§ To do:
Some of the lines below need repeating. Reproduce exactly those between the lines holding "An event space" and "Two architects speaking with yellow helmet", inclusive.

§ Records contained in a dataset:
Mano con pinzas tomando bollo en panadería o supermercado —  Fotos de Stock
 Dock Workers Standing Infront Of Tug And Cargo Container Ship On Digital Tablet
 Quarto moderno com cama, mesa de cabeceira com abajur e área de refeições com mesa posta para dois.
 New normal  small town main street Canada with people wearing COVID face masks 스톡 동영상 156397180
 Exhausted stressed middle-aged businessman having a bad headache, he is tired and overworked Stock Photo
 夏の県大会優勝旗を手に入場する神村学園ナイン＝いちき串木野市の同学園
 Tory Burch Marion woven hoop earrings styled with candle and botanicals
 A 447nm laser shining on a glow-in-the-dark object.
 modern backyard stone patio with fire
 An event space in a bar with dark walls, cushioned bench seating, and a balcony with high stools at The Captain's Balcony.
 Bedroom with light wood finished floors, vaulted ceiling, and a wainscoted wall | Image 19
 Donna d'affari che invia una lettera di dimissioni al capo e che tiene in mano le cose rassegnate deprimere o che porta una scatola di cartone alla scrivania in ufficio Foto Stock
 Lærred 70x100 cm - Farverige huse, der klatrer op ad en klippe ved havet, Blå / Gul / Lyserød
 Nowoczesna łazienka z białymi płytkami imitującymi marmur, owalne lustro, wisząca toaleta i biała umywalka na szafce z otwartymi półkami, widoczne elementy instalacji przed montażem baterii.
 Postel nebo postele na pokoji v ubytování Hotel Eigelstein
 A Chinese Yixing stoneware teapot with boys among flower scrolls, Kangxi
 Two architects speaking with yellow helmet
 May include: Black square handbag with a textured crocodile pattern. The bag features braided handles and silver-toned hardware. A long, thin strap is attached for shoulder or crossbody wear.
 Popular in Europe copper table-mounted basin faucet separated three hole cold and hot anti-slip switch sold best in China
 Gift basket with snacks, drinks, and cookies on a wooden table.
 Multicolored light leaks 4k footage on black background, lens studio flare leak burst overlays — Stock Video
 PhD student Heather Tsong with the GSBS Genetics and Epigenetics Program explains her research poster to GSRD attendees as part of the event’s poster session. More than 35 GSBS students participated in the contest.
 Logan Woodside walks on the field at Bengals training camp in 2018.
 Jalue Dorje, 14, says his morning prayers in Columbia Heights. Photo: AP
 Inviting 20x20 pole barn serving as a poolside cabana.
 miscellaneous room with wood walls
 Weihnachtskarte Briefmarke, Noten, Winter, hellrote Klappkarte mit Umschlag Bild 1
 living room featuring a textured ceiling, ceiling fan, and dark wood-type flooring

§ Problem solution:
 An event space in a bar with dark walls, cushioned bench seating, and a balcony with high stools at The Captain's Balcony.
 Bedroom with light wood finished floors, vaulted ceiling, and a wainscoted wall | Image 19
 Donna d'affari che invia una lettera di dimissioni al capo e che tiene in mano le cose rassegnate deprimere o che porta una scatola di cartone alla scrivania in ufficio Foto Stock
 Lærred 70x100 cm - Farverige huse, der klatrer op ad en klippe ved havet, Blå / Gul / Lyserød
 Nowoczesna łazienka z białymi płytkami imitującymi marmur, owalne lustro, wisząca toaleta i biała umywalka na szafce z otwartymi półkami, widoczne elementy instalacji przed montażem baterii.
 Postel nebo postele na pokoji v ubytování Hotel Eigelstein
 A Chinese Yixing stoneware teapot with boys among flower scrolls, Kangxi
 Two architects speaking with yellow helmet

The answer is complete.